QBIO2001 Flashcards
Small scale data
What is synthetic biology?
Synthetic biology- the use of molecular biology tools and techniques to forward engineer cellular behavior
What is the design of the synthetic biology process?
- Design objectives and specifications:
a. Inputs and outputs
b. System performance - Design according to spec:
a. Conceptual design
b. Detailed design - System models composed from parts
a. Data may come from standardized database of biological parts - In silico verification
a. Analyse models
b. Simulate/predict behavior - Implementation
a. DNA assembly
b. DNA synthesis - Evolution
- Testing and characterization of the system
What are 2 different types of design?
- Parts design
* Model based design
What can synthetic biology be used for?
- Autoregulatory circuits
- Toggle switch
- Edge detection circuits
- Recombinase-based logic
What is liquid chromotography and mass spectrometry used for?
Used for protein and metabolite analysis
Describe the scientific method?
- Initial observation
a. Basic observations of the dataset
b. Observation allows people to generate a theory or consult a theory - Consult/Generate theory
- Generate hypothesis
a. Needs to be a testable statement by experiment
b. Needs to be a falsifiable by experiment
c. Needs to be very clear
d. This is the stage where variables are identified
i. Includes outcome variable
ii. Includes independent variable - Collect Data to test hypothesis
a. Measure the variables
b. From t test, can so whether hypothesis is right or not
c. Tests normally examine the null hypothesis
d. Low score on t test the alternative hypothesis is right
e. Have to watch out for confounding (potentially unexpected) variables - Analyse data
a. Graph data
b. Fit a model
c. If failed, another hypothesis can be generated
What is an experimental unit?
Object of replication that can be assigned to a treatment
What are examples of experimental unit?
- Could be an individual human or hundreds of mice could be 1 experimental unit
- For animal experiments, cage can be experimental unit (mice in the cage are put in the same conditions)

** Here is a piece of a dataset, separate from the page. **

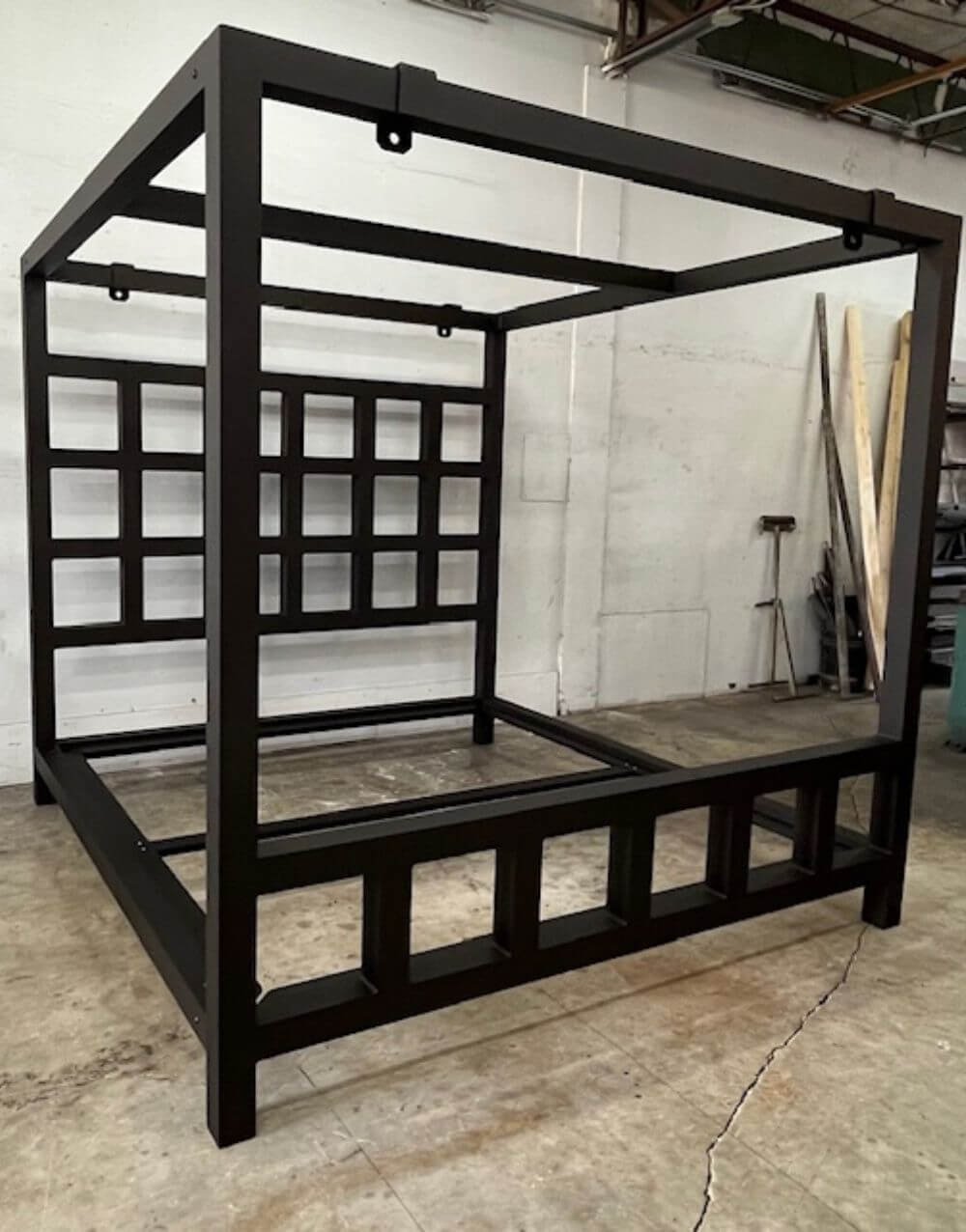 The Window Pain Bed by Metalbound: a striking metal bed frame with a unique window pane design, featuring multiple attachment points for diverse and secure bondage play.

- Experimental unit could be regions of skin on one animal
- Individual cell in dish could be an experimental unit, as each cell has its own variability
What is the between-subjects treatment group method?
- An experimental unit is chosen
- This experimental unit is put in one of three groups:
a. Experimental (treatment) group
i. Unknown change in dependent (outcome) variable
b. Negative control (untreated) group
i. No change in dependent variable expected
c. Positive control group
i. Determines test validity
ii. A known change in dependent (outcome) variable expected
iii. Exposed to a treatment that we know affects the dependent variables
What are flaws in the between subjects-treatment groups method?
o Two major sources of variance in between subject design:
Variability of subjects/ experimental units (unsystematic variance)
Systematic variance -> treatment
o Need thousands of subjects to balance out variability
What is the within subjects (paired/dependent) treatment groups method?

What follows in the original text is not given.